Il noue ses bras autour du mien et celui d’Arthur. Puérilement, je ne détourne pas les yeux. Je toise cet homme comme l’ont fait les lords de ma promotion, à l’école de médecine. J’agis comme eux, lassé de leur outrecuidance et les jugements qu’ils me portent sans cesse. Ma rébellion échoit sur ce gentilhomme si attaché à sa montre. Je sais que mon comportement est ridicule. Je n’ignore pas que ma conduite n'entraînera qu’un cercle infernal impossible à briser. Mais je hais cet homme au-delà de toute raison. Mon jugement, ma sentence envers lui, dépassent les frontières de l’absurdité. C’est mon cœur qui hurle. Il concentre toutes les injustices sur cet homme-tempête. Quitte à en faire une victime. Mon châtiment intérieur m’effraie, si bien que je ne discerne pas tout de suite les notes harmonieuses d’une soprano.

Arthur se détourne de moi le premier, m’arrachant un rictus. La sensation grisante de l’avoir emporté sur un adversaire me traverse. Cependant, la surprise, puis l’inconfort que je détaille chez ce dernier, m’interpelle.

Mama mia… quelle splendeur, susurre la voix plus rauque d’Antonio tandis que j’accorde enfin mon attention au moment présent.

La chanteuse est en effet d’une incroyable beauté. Grande, élancée, elle a des yeux noisettes qui pétillent et ensorcèlent, une chevelure qui ruisselle et ondule comme de l’eau. Une véritable sirène évolue sur une scène, terrible tant dans sa sensualité, que par sa nudité qu’elle affiche avec insolence. Son corps brille à la faveur des bougies. Lumières et ombres dansent en rythme avec elle, sur elle, derrière elle. Elles forment une trinité redoutable qui me fascine autant qu’elle me pétrifie. Car je revois, à travers cette incarnation de la Vie, le cadavre alanguit sur la table d’examen du professeur Pratt.

Je titube. C’est Arthur qui se dégage et nous repousse sans ménagement.

— Arthur ? Où t’échappes-tu encore ?

L’italien n’obtient pas de réponse. Puis il se tourne vers moi, alors que j’initie une retraite stratégique.

— Toi aussi, Edward ?

— Je vais faire un tour.

J’abandonne mon ami. Prit comme il l’est dans les filet de cette créature à la voix enchanteresse, nul doute qu’il ne m’en voudra pas longtemps.


J’ai décidé de me perdre dans les profondeurs du Lion’s Gate. J’apprends, au détour des conversations, que les lieux ont été réaménagés selon les plans d’une ancienne auberge. Le rez-de-chaussée est composé d’un couloir par-lequel nous sommes entrés, Antonio, Arthur et moi. Une vaste salle de spectacle que j’ai quittée, a été aménagée spécialement pour les représentations de toutes sortes, que la sirène impudique investie tous les soirs pour le plus grand plaisir de ces messieurs. Il semble qu’elle ai une certaine notoriété, et qu’elle serve de modèle aux artistes des lieux.

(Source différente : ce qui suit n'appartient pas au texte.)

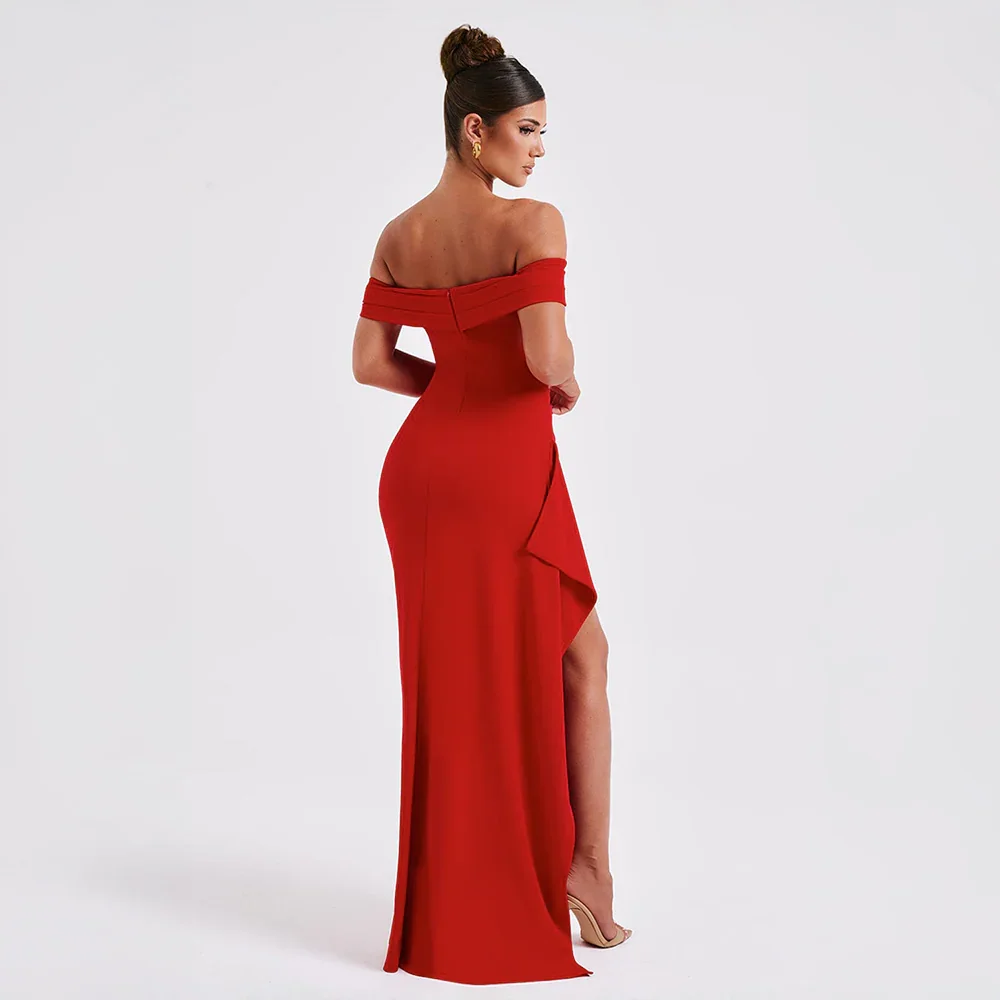 Off shoulder maxiklänning med en vacker hög slits. Denna damklänning är perfekt för en elegant fest.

Beaucoup s’extasie devant leurs œuvres et défende, avec la verve que le vin libère, le talent qui est le leur. Si en effet certaines d’entre elles témoignent un véritable don pour représenter la chanteuse et son sourire angélique, d’autres ont rendu vivante les charmes de son corps voluptueux. Je détourne les yeux et repense à la tuberculeuse.

Je ne sais pas combien de temps je me perds dans l’observation des peintures. J’ai la tête pleine de couleurs, de souvenirs éparpillés par ma mémoire. Ils me tourmentent. J’ai besoin d’air.

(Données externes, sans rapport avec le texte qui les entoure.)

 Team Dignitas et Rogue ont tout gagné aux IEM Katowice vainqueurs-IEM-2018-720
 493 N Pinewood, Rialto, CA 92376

Je traverse à nouveau la salle de spectacle en ignorant le brouhaha des applaudissements et emprunte un escalier. À l’étage, je découvre un autre couloir qui se prolonge sur plusieurs mètres. Le silence se fait à mesure que je progresse dans cette pénombre. Du moins, pour un bref instant. Car tout à coup, j’entends des bruits de meubles déplacés, le son d’un verre qui se brise.

Alerté, je me précipite vers la source de cette cacophonie. Une appréhension me gagne sans que je puisse me l’expliquer. Mais avant que je n’atteigne la porte, quelqu’un la repousse si violemment, que je suis projeté en arrière.

Je relève la tête et ma mâchoire se crispe. À contrejour, je ne peux pas vraiment discerner son visage. Je ne vois que le rouge de sa chevelure libérée de son carcan de soie. Je n’arrive pas à y croire. Lui. Encore lui ! Je m’apprête à le houspiller, ma colère prête à affronter l’homme-tempête. Mais soudain je le vois s’effondrer à mes pieds une main plaquée contre sa gorge.

— Monsieur ? Que vous arrive-t-il ? Monsieur !

Je constate, avec horreur, qu’il étouffe.